Sample Examples for Final Fantasy XV
Example I: “This is the first time I have ever played a Final Fantasy game.”
In the above example, a reader who has played few or no Final Fantasy games may find the review more helpful rather than a reader who has played most Final Fantasy games.
Example II: “I’ve played every Final Fantasy game except for Final Fantasy II.”
In above example, a reader who is a Final Fantasy franchise veteran may find the review more helpful rather than a reviewer who has played few or no Final Fantasy games.
Example III: “I have a lot of JRPG experience, but I have only played Final Fantasy VII, Final Fantasy VIII, and Final Fantasy XIII,”
In the above example, the reviewer states his genre experience level, but also only experience with a select amount of Final Fantasy games. This is probably the most common variant of Review Contexts a reader can expect from GameReviewPad.
Not only can the Review Context provide an overall snapshot of the contributor’s experience, but it can foreshadow how a review may be written, like with few or many comparisons to previous games of a franchise or genre.
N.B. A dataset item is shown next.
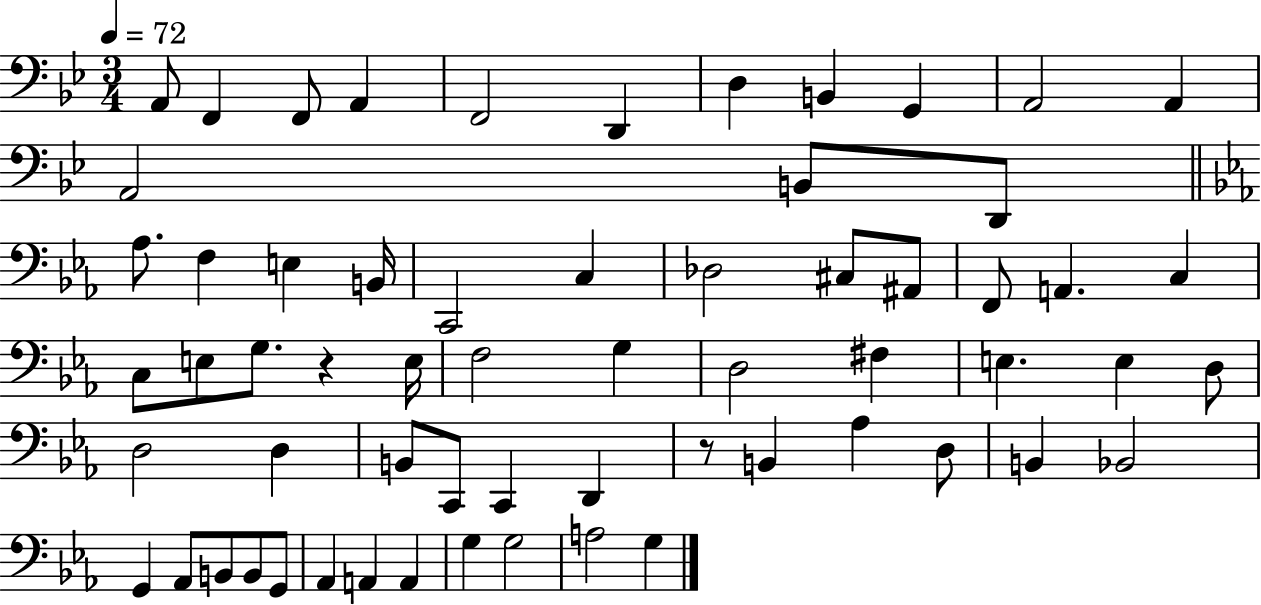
A2/e F2/q F2/e A2/q F2/h D2/q D3/q B2/q G2/q A2/h A2/q A2/h B2/e D2/e Ab3/e. F3/q E3/q B2/s C2/h C3/q Db3/h C#3/e A#2/e F2/e A2/q. C3/q C3/e E3/e G3/e. R/q E3/s F3/h G3/q D3/h F#3/q E3/q. E3/q D3/e D3/h D3/q B2/e C2/e C2/q D2/q R/e B2/q Ab3/q D3/e B2/q Bb2/h G2/q Ab2/e B2/e B2/e G2/e Ab2/q A2/q A2/q G3/q G3/h A3/h G3/q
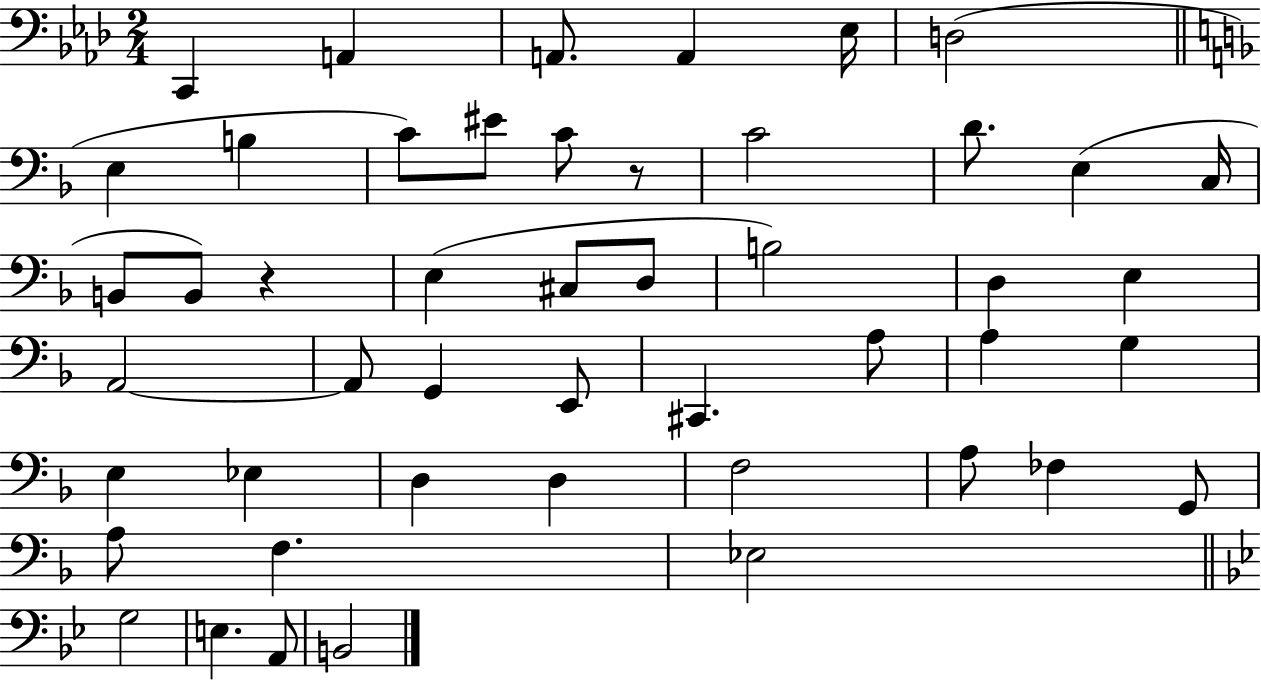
C2/q A2/q A2/e. A2/q Eb3/s D3/h E3/q B3/q C4/e EIS4/e C4/e R/e C4/h D4/e. E3/q C3/s B2/e B2/e R/q E3/q C#3/e D3/e B3/h D3/q E3/q A2/h A2/e G2/q E2/e C#2/q. A3/e A3/q G3/q E3/q Eb3/q D3/q D3/q F3/h A3/e FES3/q G2/e A3/e F3/q. Eb3/h G3/h E3/q. A2/e B2/h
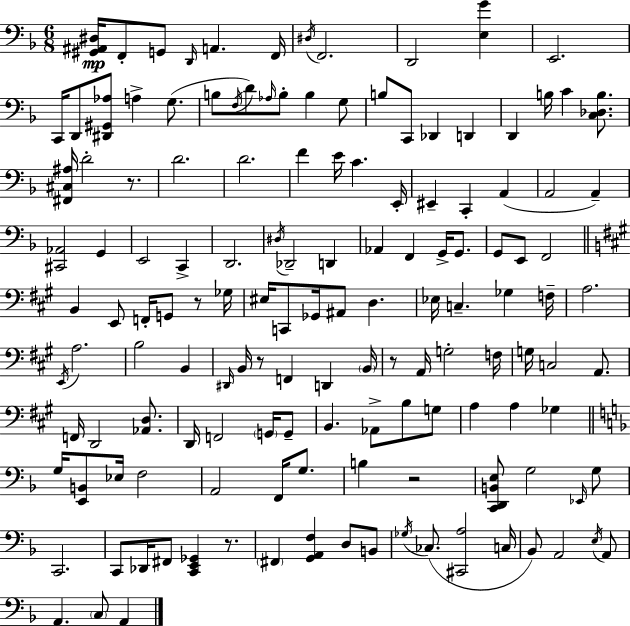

GameReviewPad allows multiple full length reviews of the same game for the same platform if another contributor has a very different experience level with the genre or franchise that produces an opposite opinion.
2. Date Playthrough Started
This is the date the contributor started to play the reviewed game. This date is important because it also determines the technical state of the game when it was played. If the review doesn’t mention a technical flaw in the game it may be because the game was played after the issue was fixed. It also works the other way around. If a review mentions many technical issues, but the issues were fixed shortly after then the reader knows the reason why they were mentioned.
(See 6. Patch this Review)
This just states the publisher and developer. No explanation needed.
4. Contributor’s Body Structure
The contributor gets to choose their preferred body structure. Some contributors prefer full essay form, while others may prefer separating the review into subsections. The names of potential subsections are the contributor’s choice also.
5. PC/Mac Specifications
These are the PC/Mac specifications of the contributor’s play settings for that particular game. If the review mentions the technical state of the game then the PC/Mac specs are important to know in order to give full context of the problem.
6. Similar Games Liked/Disliked
The similar games liked/disliked section includes one or two games of the same genre or franchise that the contributor liked and/or disliked.
Have you ever read an extremely negative review and wondered, “Well then what does this person like?” This section is to help develop a relationship between the reader and the contributor. If the reader starts to see a pattern with a particular contributor where there is agreement on the reviews and the similar games liked/disliked, then the reader can develop trust with that contributor.